Alfonsin, dessa forma, embora não fique livre das naturais manifestações de descontentamento geradas pela dureza da crise econômica, ganha novo alento para ministrar o “remédio amargo”, mas necessário, que terá de usar para repor a Argentina na trilha do desenvolvimento.

Enquanto isso, no vizinho do lado, no Uruguai, os colorados confirmaram o predomínio histórico que sempre tiveram no país (que governaram durante 93 anos). A escolha de Júlio Sanguinetti pelos eleitores uruguaios, para redemocratizar a “ex-Suíça” da América do Sul, tem significado idêntico ao da eleição de Alfondsin, no ano passado, na Argentina. Ou seja, de que o povo do Uruguai deseja retornar à normalidade democrática sem excessos ou aventureirismos. Que aos uruguaios não apetece a chefia de líderes ditos inovadores, em termos ideológicos, pois esse povo sabe que o país apenas terá garantias de normalidade institucional enquanto mantiver um alinhamento com o Ocidente (o que equivale a dizer, com os EUA). Fugir disso, é irrealismo político, quando não um suicídio coletivo.

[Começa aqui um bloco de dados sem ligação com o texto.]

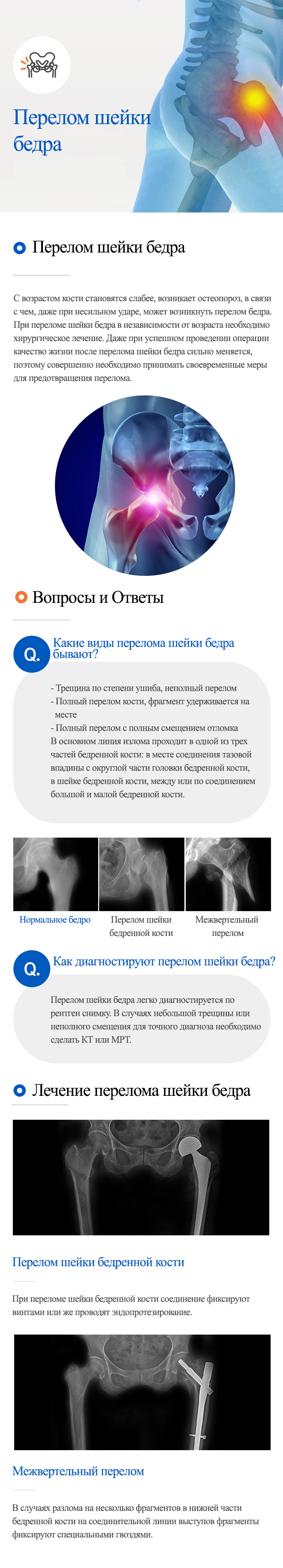 Hip fracture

As plataformas de Sanguinetti, no Uruguai, lembram muito as propostas com que Alfonsin se elegeu na Argentina, no ano passado. Pretende convencer os credores internacionais que, exportando US$ 1 bilhão por ano, dos quais US$ 600 milhões são gastos na importação de petróleo, o país não pode honrar um oneroso serviço de uma dívida de US$ 5,5 bilhões e ainda assim se desenvolver. Quer devolver os militares aos quartéis, mas sem ferir susceptibilidades, evitando, no seu próprio dizer, “humilhá-los”. Os excessos cometidos nos onze anos de regime, da mesma forma que fez Alfonsin, pretende entregar à consideração da Justiça.

As duas convocações às urnas, ocorridas neste fim de semana, na Argentina e no Uruguai, dão, portanto, uma alentadora certeza aos observadores. A de que o “Cone Sul” está mais do que vacinado contra aventureirismos caudilhescos. E que a prudência e o bom senso serão normas comuns, doravante, para que a democracia cresça, se fortaleça e adquira suas próprias imunidades contra novas ditaduras nessa parte da América do Sul.

(Artigo publicado na página 11, Internacional, do Correio Popular, em 27 de novembro de 1984).